I am doing something right now that I know in just two short weeks will seem like a ridiculous guilty pleasure. I am sitting in the house by myself listening to the rain. The house is a disaster, I cannot see my feet, and I still haven’t written the kids thank you notes from their birthday presents which they received a month ago. Perhaps best of all, I don’t really care.

There is a strange peace here today. The rain feels special and appropriate for this Tuesday which is weird. I’m not usually into rain. If I were I would be all plaid shirt loving on Seattle and Starbucks and singing the praises of Portlandia but I don’t. Generally I’m a sunshine girl. But today I am digging this. It feels cleansing and nice. I’m taking stock of what I have, what’s coming.
My husband and I both have strange and oddly matching behavioral patterns whenever we approach major life events. We both retreat to younger versions of ourselves as if we’re not quite ready to face whatever major grown-up thing we’re supposed to be getting ready for. So we become 12, 15, even 25 year old versions of ourselves for a short time.

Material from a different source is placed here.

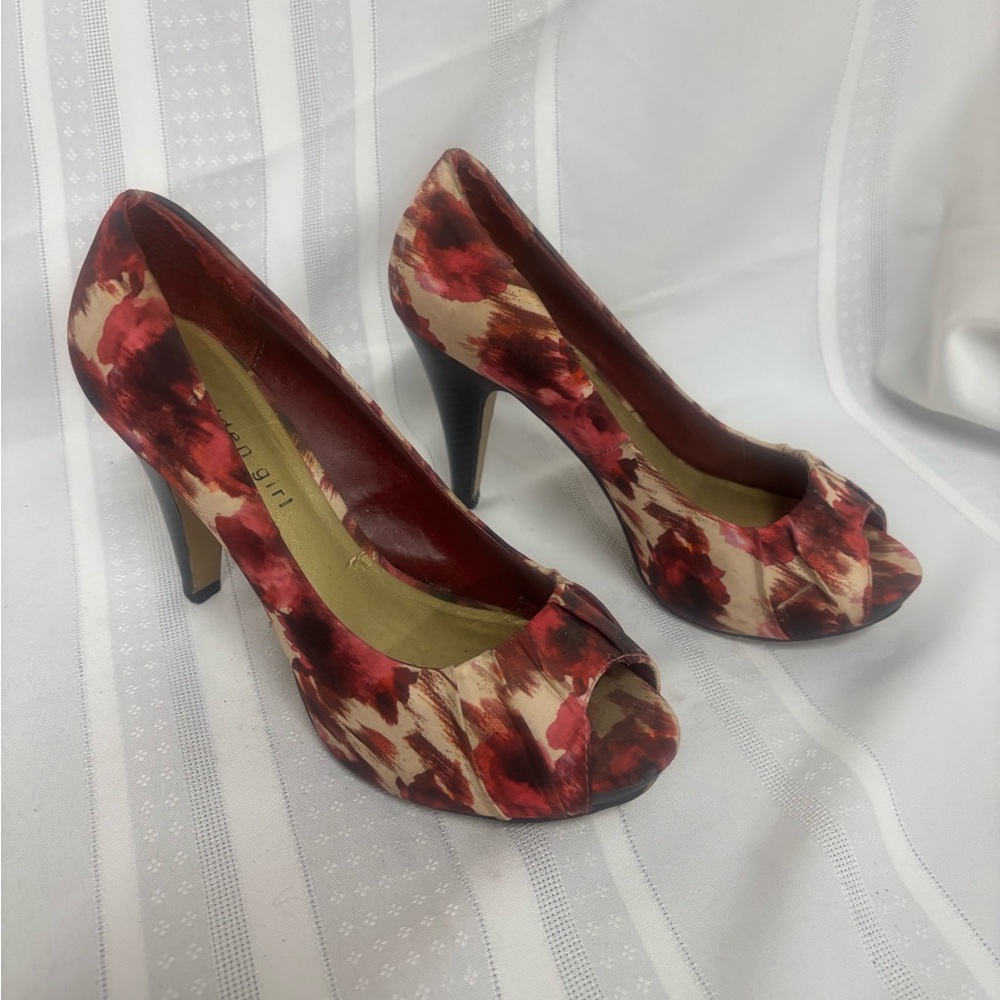Aldo Floral High Heeled Peep Toe Pumps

Because it is safer to be there than to face what is coming even when what is coming is great. Because no one ever said that great and scary were mutually exclusive things.

Last week we were both indulging our 7 year old versions of ourselves. The closer we get to becoming parents three times over, the more I think we are seeking some alternate reality where we are the kids waiting for someone to swoop in and give us bedtimes and limits and chocolate milk and take care of us, reassuring us it’s all going to be fine. I’ve had some phenomenal Jack Wagner tunes on repeat, firmly cementing the idea in my mind that it is 1984 and nothing more challenging is going to happen in the next few weeks than learning fractions. My husband has been diligently playing Super Mario Brothers each night, I think somehow convincing himself that defeating Bowser and King Koopa will be the scariest thing he’ll have to slay anytime soon.
But as we inch closer to the big day we are both slowly preparing to let go of these kids for, well, the sake of our kids. My husband has forsaken Mario for old movies of our first two as babies, as if trying to remember what it was like to start at this place, at the beginning. He is gearing up to do it again, mentally and physically. I’ve shut off my binge of 80s music but I’ve not quite fully left the regressive phase. Instead I’ve got John Mayer on repeat now. Which is weird because 36 year old me doesn’t really like him very much. But 24 year old me was into it. She was still finding herself and she’d wander around NYC with track 1 of Heavier Things blaring through her Discman, feeling self-absorbed and brave and not afraid of hard work which I did a lot of. I worked constantly with a bizarrely liberating and limitless belief in my ability to accomplish things I’d never done before.
And suddenly it seems clear what I need to channel from 24 year old me right now. I need to find that limitless belief in my ability to do hard stuff, that complete certainty in yourself that is largely reserved for punks in their 20s who don’t know any better. Blissfully ignorant but brave as hell.  

And so I listen to the rain and groove to Clarity as 36 year old me slowly gears up for big things.

Comments

  1. Love the honesty of your opening paragraph, "I am doing something right now that I know in just two short weeks will seem like a ridiculous guilty pleasure. I am sitting in the house by myself listening to the rain. The house is a disaster, I cannot see my feet, and I still haven’t written the kids thank you notes from their birthday presents which they received a month ago. Perhaps best of all, I don’t really care."